Name Type Descripton
acquisition_id utf8 A unique identifier for the run (acquisition). This is the same identifier that MinKNOW uses to identify an acquisition within a protocol.
acquisition_start_time timestamp(milliseconds) This is the clock time for sample 0, and can be used together with sample_rate and the :start read field to calculate a clock time for when a given read was acquired. The timezone should be set. MinKNOW will set this to the local timezone on file creation. When merging files that have different timezones, merging code will have to pick a timezone (possibly defaulting to 'UTC').
adc_max int16 The maximum ADC value that might be encountered. This is a hardware constraint.
adc_min int16 The minimum ADC value that might be encountered. This is a hardware constraint. adc_max - adc_min + 1 is the digitisation.
context_tags map(utf8, utf8) The context tags for the run. For compatibility with fast5. Readers must not make any assumptions about the contents of this field.
experiment_name utf8 A user-supplied name for the experiment being run.
flow_cell_id utf8 Uniquely identifies the flow cell the data was captured on. This is written on the flow cell case.
flow_cell_product_code utf8 Identifies the type of flow cell the data was captured on.
protocol_name utf8 The name of the protocol that was run.
protocol_run_id utf8 A unique identifier for the protocol run that produced this data.
protocol_start_time timestamp(milliseconds) ): When the protocol that the acquisition was part of started. The same considerations apply as for acquisition_start_time.
sample_id utf8 A user-supplied name for the sample being analysed.
sample_rate uint16 The number of samples acquired each second on each channel. This can be used to convert numbers of samples into time durations.

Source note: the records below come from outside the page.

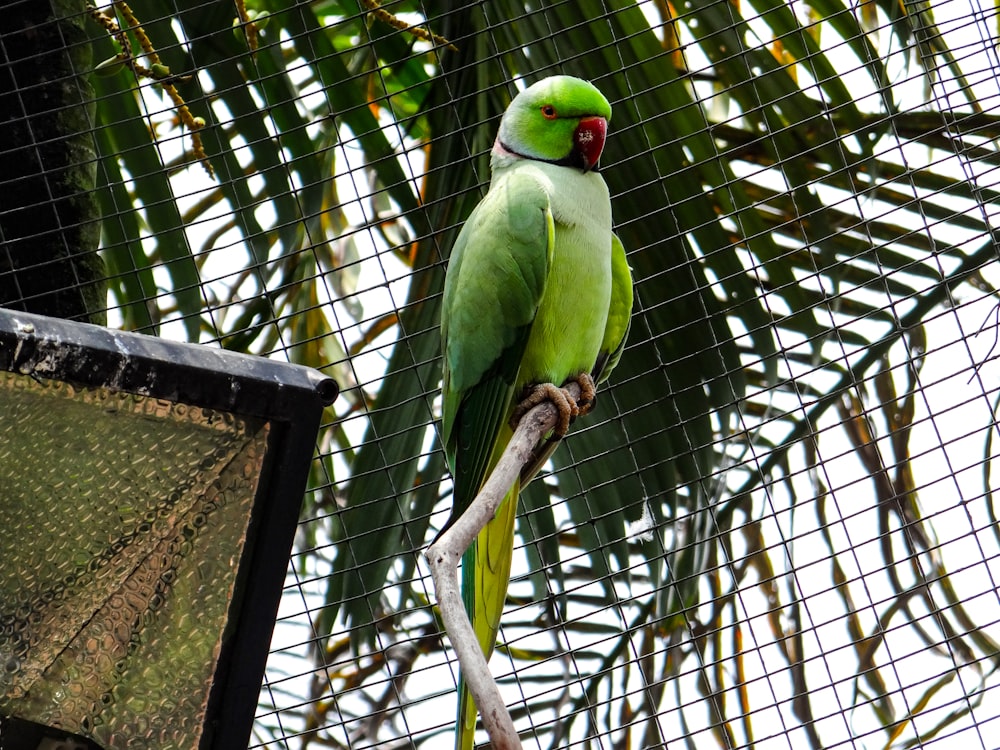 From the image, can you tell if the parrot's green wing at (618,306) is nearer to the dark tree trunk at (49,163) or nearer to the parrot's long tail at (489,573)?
the parrot's long tail at (489,573)

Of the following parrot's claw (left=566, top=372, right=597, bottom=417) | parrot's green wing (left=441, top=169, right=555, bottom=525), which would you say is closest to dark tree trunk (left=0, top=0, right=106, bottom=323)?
parrot's green wing (left=441, top=169, right=555, bottom=525)

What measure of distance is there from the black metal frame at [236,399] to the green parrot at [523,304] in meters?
0.72

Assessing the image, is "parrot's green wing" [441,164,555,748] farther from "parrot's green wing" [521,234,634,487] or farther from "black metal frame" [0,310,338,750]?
"black metal frame" [0,310,338,750]

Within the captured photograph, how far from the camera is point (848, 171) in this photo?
4.91 feet

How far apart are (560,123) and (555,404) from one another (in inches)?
15.0

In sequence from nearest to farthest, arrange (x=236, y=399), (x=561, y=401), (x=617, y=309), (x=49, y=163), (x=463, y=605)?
(x=236, y=399), (x=463, y=605), (x=561, y=401), (x=617, y=309), (x=49, y=163)

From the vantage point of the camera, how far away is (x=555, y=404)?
4.21 ft

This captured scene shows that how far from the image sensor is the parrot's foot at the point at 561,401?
128 cm

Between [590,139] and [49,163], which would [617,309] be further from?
[49,163]

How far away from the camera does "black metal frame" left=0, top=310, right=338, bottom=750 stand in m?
0.51

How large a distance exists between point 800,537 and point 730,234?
49 centimetres

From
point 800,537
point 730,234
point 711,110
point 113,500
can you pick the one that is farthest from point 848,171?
point 113,500

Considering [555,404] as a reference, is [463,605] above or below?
below

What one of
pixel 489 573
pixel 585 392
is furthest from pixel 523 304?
pixel 489 573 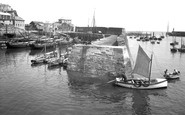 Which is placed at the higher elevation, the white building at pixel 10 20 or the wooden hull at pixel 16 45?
the white building at pixel 10 20

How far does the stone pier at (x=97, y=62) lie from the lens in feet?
105

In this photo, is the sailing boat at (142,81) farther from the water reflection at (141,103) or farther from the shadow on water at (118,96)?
the water reflection at (141,103)

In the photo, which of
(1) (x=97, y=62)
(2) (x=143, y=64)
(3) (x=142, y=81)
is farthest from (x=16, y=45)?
(3) (x=142, y=81)

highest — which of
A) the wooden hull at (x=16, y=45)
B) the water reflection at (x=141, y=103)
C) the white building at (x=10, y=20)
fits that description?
the white building at (x=10, y=20)

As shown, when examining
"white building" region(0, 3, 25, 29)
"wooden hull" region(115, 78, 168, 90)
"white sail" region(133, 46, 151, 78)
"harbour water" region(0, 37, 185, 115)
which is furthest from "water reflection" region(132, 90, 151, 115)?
"white building" region(0, 3, 25, 29)

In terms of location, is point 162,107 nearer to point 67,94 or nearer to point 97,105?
point 97,105

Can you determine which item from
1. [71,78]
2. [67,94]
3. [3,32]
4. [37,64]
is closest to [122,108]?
[67,94]

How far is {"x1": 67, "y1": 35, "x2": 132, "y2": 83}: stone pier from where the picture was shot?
31.9 meters

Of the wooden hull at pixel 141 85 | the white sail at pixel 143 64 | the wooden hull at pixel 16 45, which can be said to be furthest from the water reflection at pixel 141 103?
the wooden hull at pixel 16 45

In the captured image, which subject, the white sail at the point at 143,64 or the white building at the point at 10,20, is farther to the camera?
the white building at the point at 10,20

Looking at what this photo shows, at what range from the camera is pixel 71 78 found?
34219 millimetres

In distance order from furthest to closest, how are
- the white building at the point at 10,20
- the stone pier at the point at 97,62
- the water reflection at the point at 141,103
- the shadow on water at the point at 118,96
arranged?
the white building at the point at 10,20 < the stone pier at the point at 97,62 < the shadow on water at the point at 118,96 < the water reflection at the point at 141,103

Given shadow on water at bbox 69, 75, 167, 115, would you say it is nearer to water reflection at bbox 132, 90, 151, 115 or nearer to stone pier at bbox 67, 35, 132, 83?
water reflection at bbox 132, 90, 151, 115

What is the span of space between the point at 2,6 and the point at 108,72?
397 feet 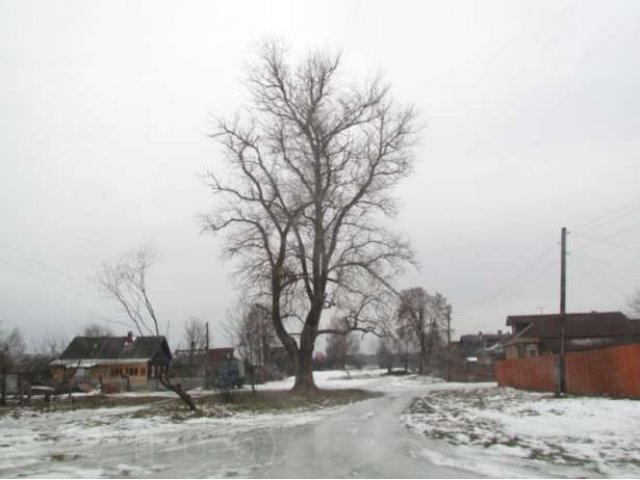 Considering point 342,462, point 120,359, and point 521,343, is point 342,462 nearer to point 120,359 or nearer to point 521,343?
point 521,343

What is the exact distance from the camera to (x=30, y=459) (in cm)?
1026

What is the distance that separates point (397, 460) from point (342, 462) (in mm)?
915

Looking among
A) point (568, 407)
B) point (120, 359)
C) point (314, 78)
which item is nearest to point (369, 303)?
point (314, 78)

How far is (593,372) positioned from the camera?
84.9 ft

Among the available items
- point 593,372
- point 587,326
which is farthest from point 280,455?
point 587,326

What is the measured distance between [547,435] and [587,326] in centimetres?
4583

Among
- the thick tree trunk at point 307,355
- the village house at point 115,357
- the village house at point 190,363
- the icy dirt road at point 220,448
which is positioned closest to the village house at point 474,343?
the village house at point 190,363

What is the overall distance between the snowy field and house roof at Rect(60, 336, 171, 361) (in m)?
50.6

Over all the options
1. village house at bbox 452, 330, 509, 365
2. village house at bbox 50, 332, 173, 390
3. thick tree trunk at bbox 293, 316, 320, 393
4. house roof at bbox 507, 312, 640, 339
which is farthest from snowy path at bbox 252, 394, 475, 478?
village house at bbox 452, 330, 509, 365

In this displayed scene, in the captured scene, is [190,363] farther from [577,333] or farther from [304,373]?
[304,373]

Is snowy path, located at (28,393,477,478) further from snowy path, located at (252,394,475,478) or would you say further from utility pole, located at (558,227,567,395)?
utility pole, located at (558,227,567,395)

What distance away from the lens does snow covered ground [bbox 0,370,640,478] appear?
8984 millimetres

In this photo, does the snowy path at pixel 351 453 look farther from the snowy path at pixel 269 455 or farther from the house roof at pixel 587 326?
the house roof at pixel 587 326

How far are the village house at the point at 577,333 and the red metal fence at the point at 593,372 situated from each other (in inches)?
716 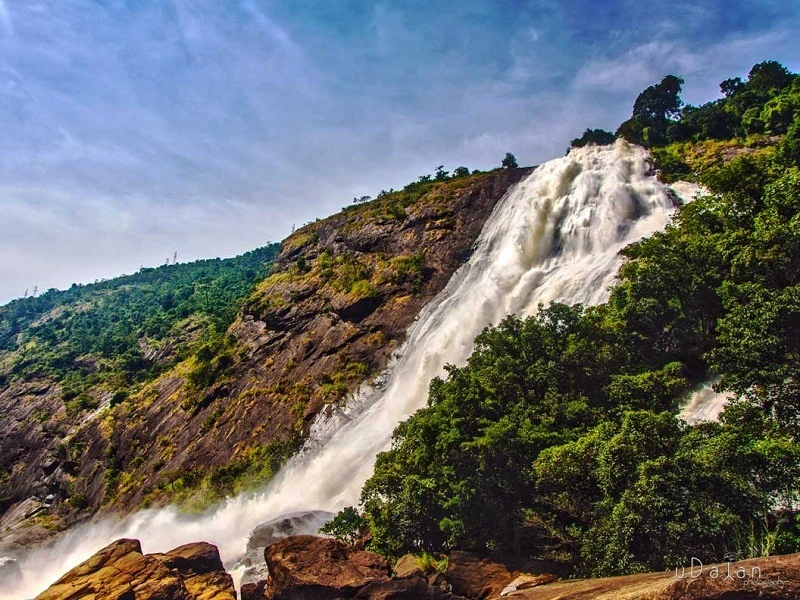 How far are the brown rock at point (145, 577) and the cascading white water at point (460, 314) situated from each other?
8.26 metres

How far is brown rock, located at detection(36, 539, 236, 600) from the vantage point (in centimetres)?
1752

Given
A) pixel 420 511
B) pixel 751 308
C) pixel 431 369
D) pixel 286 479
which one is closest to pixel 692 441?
pixel 751 308

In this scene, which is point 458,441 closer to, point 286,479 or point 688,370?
point 688,370

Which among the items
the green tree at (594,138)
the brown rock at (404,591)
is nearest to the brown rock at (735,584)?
the brown rock at (404,591)

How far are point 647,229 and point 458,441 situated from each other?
2659 cm

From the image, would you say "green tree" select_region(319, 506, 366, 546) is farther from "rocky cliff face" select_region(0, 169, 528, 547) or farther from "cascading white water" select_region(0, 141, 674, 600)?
"rocky cliff face" select_region(0, 169, 528, 547)

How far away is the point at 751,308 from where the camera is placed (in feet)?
54.0

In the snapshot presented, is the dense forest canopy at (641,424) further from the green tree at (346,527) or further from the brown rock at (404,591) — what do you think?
the brown rock at (404,591)

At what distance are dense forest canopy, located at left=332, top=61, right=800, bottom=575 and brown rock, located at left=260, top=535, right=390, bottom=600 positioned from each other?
2.12 m

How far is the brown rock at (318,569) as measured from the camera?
52.7 feet

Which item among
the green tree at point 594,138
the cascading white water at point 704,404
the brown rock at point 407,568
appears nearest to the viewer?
the brown rock at point 407,568

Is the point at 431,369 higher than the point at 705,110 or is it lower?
lower

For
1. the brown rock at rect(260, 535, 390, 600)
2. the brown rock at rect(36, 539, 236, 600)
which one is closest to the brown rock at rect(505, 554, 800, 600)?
the brown rock at rect(260, 535, 390, 600)

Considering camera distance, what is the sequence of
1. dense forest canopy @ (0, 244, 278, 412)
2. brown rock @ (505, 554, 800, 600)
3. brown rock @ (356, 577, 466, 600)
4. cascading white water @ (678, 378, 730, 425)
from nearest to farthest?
brown rock @ (505, 554, 800, 600), brown rock @ (356, 577, 466, 600), cascading white water @ (678, 378, 730, 425), dense forest canopy @ (0, 244, 278, 412) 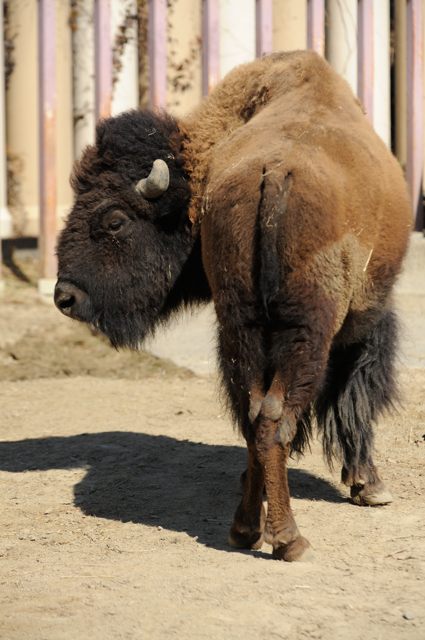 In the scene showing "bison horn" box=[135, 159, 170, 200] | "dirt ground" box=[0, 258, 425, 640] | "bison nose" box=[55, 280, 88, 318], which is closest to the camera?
"dirt ground" box=[0, 258, 425, 640]

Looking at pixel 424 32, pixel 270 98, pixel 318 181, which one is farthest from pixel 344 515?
pixel 424 32

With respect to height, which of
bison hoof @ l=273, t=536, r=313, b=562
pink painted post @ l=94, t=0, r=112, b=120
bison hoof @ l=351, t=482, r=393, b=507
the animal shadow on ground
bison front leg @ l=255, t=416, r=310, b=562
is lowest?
the animal shadow on ground

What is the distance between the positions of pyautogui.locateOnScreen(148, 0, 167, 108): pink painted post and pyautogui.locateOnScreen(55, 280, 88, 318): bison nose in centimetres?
440

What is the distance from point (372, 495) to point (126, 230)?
1.52 metres

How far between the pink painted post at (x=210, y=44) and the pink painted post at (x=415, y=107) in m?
1.62

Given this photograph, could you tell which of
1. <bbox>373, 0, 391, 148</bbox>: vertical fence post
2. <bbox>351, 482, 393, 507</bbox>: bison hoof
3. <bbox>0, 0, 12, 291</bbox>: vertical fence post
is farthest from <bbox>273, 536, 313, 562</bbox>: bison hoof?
<bbox>373, 0, 391, 148</bbox>: vertical fence post

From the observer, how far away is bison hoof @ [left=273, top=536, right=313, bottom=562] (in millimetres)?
4031

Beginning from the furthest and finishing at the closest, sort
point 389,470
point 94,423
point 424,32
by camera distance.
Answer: point 424,32 → point 94,423 → point 389,470

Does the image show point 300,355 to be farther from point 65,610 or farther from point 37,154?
point 37,154

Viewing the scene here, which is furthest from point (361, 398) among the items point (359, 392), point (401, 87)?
point (401, 87)

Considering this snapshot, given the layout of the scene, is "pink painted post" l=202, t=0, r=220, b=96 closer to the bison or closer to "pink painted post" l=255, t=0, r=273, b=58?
"pink painted post" l=255, t=0, r=273, b=58

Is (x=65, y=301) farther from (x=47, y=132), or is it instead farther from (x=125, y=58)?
(x=125, y=58)

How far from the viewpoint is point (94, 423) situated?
6.44 meters

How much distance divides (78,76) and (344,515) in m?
6.07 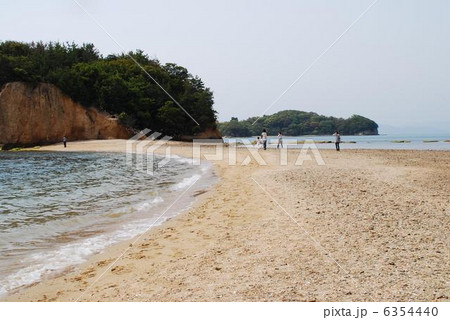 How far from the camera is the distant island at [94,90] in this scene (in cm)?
4947

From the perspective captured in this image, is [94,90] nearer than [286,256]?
No

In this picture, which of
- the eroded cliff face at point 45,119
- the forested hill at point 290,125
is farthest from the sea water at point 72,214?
the forested hill at point 290,125

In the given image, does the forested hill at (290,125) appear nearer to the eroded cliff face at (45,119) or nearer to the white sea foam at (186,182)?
the eroded cliff face at (45,119)

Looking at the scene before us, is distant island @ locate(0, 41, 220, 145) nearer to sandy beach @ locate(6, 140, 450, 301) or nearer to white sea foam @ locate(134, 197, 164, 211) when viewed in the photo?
white sea foam @ locate(134, 197, 164, 211)

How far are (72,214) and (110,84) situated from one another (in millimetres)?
46926

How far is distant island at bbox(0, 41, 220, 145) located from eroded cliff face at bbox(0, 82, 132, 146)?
0.42 ft

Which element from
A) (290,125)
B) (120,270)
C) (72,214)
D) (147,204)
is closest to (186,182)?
(147,204)

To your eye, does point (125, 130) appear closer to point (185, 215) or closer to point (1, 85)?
point (1, 85)

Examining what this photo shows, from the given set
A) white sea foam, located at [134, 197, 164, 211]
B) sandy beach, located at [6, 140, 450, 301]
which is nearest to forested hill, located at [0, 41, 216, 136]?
white sea foam, located at [134, 197, 164, 211]

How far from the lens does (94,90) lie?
53.2 m

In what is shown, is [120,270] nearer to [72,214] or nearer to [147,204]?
[72,214]

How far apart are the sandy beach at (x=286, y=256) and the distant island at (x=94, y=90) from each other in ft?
151

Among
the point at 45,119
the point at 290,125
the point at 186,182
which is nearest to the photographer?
the point at 186,182

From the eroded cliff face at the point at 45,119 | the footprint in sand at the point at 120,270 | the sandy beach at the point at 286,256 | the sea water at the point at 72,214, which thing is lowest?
the sea water at the point at 72,214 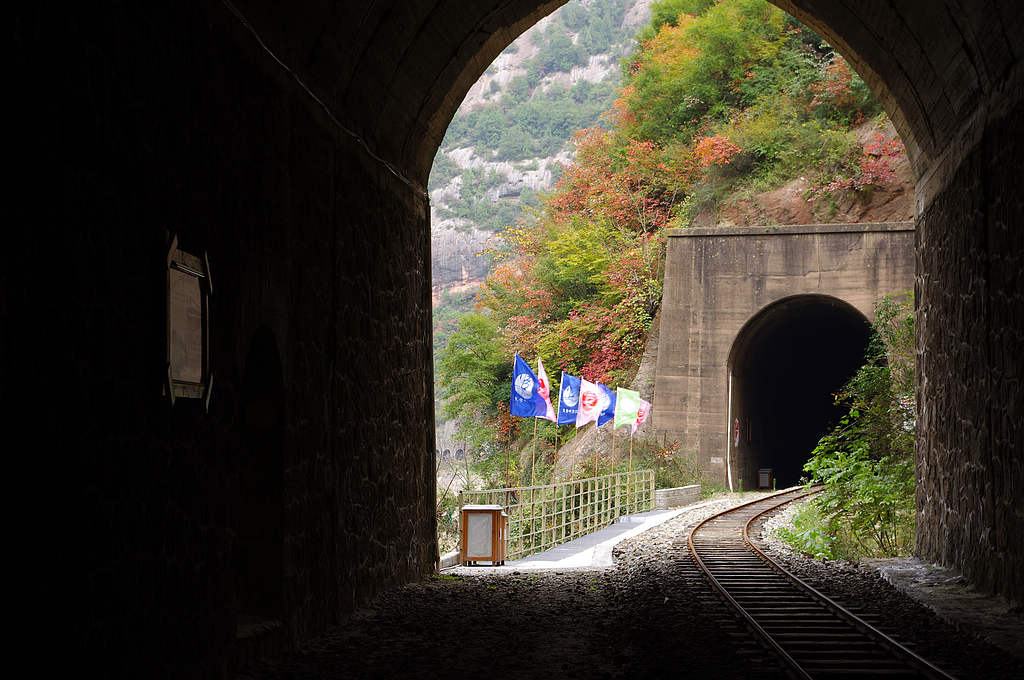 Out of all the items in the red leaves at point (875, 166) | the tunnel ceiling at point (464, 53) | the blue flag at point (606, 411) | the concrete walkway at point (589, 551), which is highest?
the red leaves at point (875, 166)

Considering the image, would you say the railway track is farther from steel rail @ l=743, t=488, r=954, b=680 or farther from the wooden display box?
the wooden display box

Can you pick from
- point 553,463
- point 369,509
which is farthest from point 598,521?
point 369,509

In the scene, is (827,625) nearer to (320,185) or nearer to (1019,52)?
(1019,52)

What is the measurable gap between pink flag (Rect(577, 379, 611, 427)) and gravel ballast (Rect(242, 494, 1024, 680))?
8858 mm

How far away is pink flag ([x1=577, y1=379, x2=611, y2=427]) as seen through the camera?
67.8ft

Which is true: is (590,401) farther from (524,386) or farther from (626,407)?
(524,386)

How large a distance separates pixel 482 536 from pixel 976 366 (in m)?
7.10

sequencing_kit utf8 The type of sequencing kit used to prepare the sample.
sequencer_position utf8 The sequencer position the data was collected on. For removable positions, like MinION Mk1Bs, this is unique (e.g. 'MN12345'), while for integrated positions it is not (e.g. 'X1' on a GridION).
sequencer_position_type utf8 The type of sequencing hardware the data was collected on. For example: 'MinION Mk1B' or 'GridION' or 'PromethION'.
software utf8 A description of the software that acquired the data. For example: 'MinKNOW 21.05.12 (Bream 5.1.6, Configurations 16.2.1, Core 5.1.9, Guppy 4.2.3)'.
system_name utf8 The name of the system the data was collected on. This might be a sequencer serial (eg: 'GXB1234') or a host name (e.g. 'Lab PC').
system_type utf8 The type of system the data was collected on. For example, 'GridION Mk1' or 'PromethION P48'. If the system is not a Nanopore sequencer with built-in compute, this will be a description of the operating system (e.g. 'Ubuntu 20.04').
tracking_id map(utf8, utf8) The tracking id for the run. For compatibility with fast5. Readers must not make any assumptions about the contents of this field.

Signal Table

Name Type Descripton
read_id minknow.uuid Globally-unique identifier for the read the data came from. This aids recovery and consistency checking.
signal ['large_list(int16)', 'minknow.vbz'] The actual signal. The encoding of the data must the same for all reads in the file, and is determined by the choice of logical type. LargeList(Int16) is the uncompressed storage option. Readers that do not recognise the logical type of this column will be unable to decode the signal data.
samples uint32 The number of samples stored in this row. Allows skipping over compressed chunks easily, also necessary for decoding StreamVByte-encoded data.